Massive liquidity injections from central banks sent security prices soaring in the spring, which led some investors to seek alternatives. Many chose precious metals.
When considering precious metals, it helps to distinguish between two sources of price movement: investors speculatively rotating in and out of asset classes on the one hand and more traditional supply-and-demand factors on the other. The recent price appreciation clearly stems from investor activity. With prices close to a recent peak, this suggests that now is not the time to invest based solely on an expectation of quick profits.

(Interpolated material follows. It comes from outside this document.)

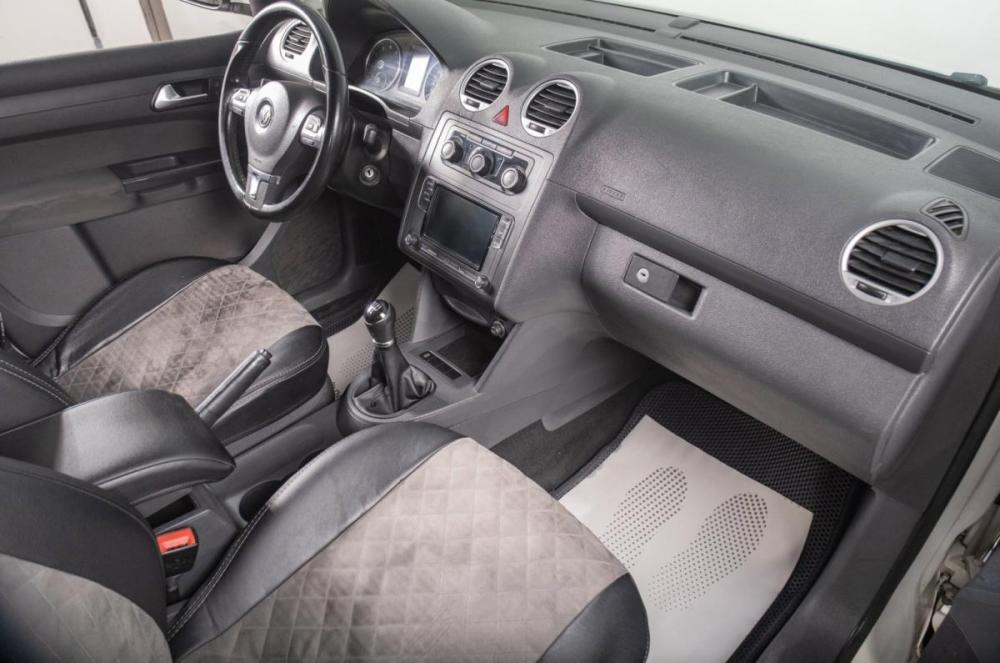 Volkswagen Caddy III Рестайлинг Томск  - изображение 19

True, a glance at the graph above shows the potential for a correction in metals could be approaching. Yet the Fed has signaled, in strong terms, that its high-liquidity policy will remain in place, possibly for years to come. The falling dollar, too, supports metals prices, as they are denominated in dollars. Still another factor in favor of high prices: The main cost of owning metals—raising the cash to buy them—is nearly zero thanks to low interest rates. The best assessment one can make, therefore, is that precious metal prices are likely to be volatile but are well supported—by the factors mentioned above—at today’s high levels.
So, do precious metals belong in a portfolio right now? We believe they can, not as a speculative play but for their traditional attractiveness as a store of value, with modest upside potential, in uncertain times. Sources of uncertainty right now are plentiful—the U.S. elections, the pandemic, wildfires, and the seemingly endless Brexit negotiations come to mind—providing ample grounds for wanting to hedge against the volatility of other asset classes.
As for which of the four precious metals to hold over this timeframe, while they often move in sync with one another, we do believe prospects, for the next 12 to 18 months, look better for gold and silver than for platinum and palladium.